JM48 was kind enough to send me this map and he suggested a thread for site maps.  click on the picture to enlarge it.


----------



## Talent312 (Feb 8, 2010)

Perhaps a sticky note at the top would be a better place for maps.


----------



## TUGBrian (Feb 8, 2010)

Talent312 said:


> Perhaps a sticky note at the top would be a better place for maps.



email them to the review managers and they can/will be uploaded to the resort review page.

(although I note a different map is already listed on the resort page for this resort)


----------



## JM48 (Feb 8, 2010)

We visited all three resorts & I have maps for all of them.
I think it would be more useful as a sticky at the top of this site because it is for HGVC. 

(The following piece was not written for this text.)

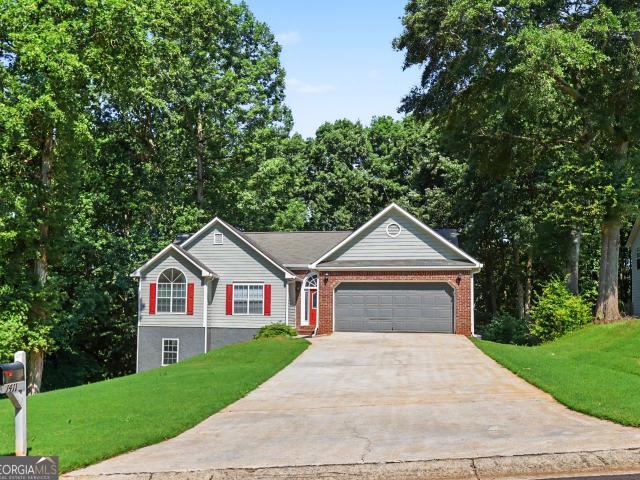 House for sale in Bethlehem, Georgia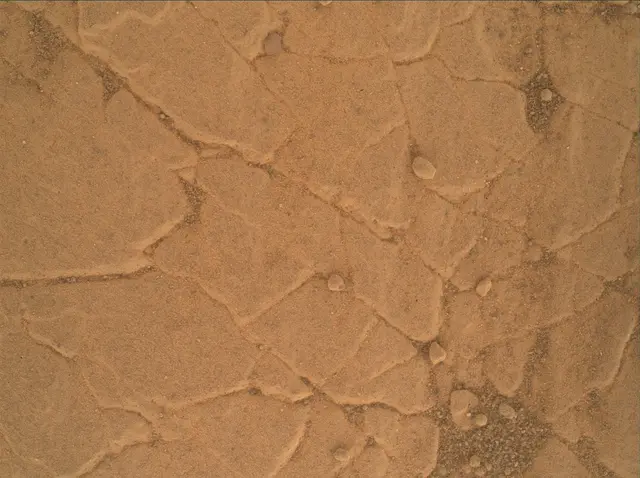 Sol 2359: Mars Hand Lens Imager (MAHLI)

 We have bought at Karen Ave. in LV & are planning to go there in the fall, hopefully we can get the maps for there as well.

Brian
If you give me the e mail address to send them to I will do that.

 JM


----------



## TUGBrian (Feb 8, 2010)

JM48 said:


> We visited all three resorts & I have maps for all of them.
> I think it would be more useful as a sticky at the top of this site because it is for HGVC.
> 
> We have bought at Karen Ave. in LV & are planning to go there in the fall, hopefully we can get the maps for there as well.
> ...



I uploaded the one posted here already, along with the one already on the review page...not sure if the 3rd one you have is different?

the review manager email for florida/orlando is Kathy Pitch  fl-west-rep@tug2.com


----------



## Purseval (Feb 9, 2010)

JM48 said:


> We visited all three resorts & I have maps for all of them.
> I think it would be more useful as a sticky at the top of this site because it is for HGVC.



I had no idea that maps were located in a different section of this site.  Perhaps we need a sticky to tell us there is a sticky somwhere else :rofl:


----------



## ocdb8r (Feb 9, 2010)

Random but slightly related question.  Does the HGVC SeaWorld offer transportation to the SeaWorld Parks?  If so, which ones.


----------



## Elster (Feb 10, 2010)

ocdb8r said:


> Random but slightly related question.  Does the HGVC SeaWorld offer transportation to the SeaWorld Parks?  If so, which ones.



There is a 6USD (return) shuttle bus that makes the trip across the road to the seaworld site, before trundling off elsewhere...
to be honest you'd not exactly be walking a great distance across the road to the main seaworld site, then picking up the their shuttle to aquatica, the coast park or busch...the busch one leaves once a day, the others are pretty regualr I think judging by the coming and goings I saw whilst waiting for the I-ride...


----------



## Purseval (Feb 10, 2010)

Also something to note is that they have now completed the renovation on the Somerset building.  We have put in a request for that building, lake view on a higher floor.  From what I've been reading requests generally go right into their circular file but we'll see how it works out.


----------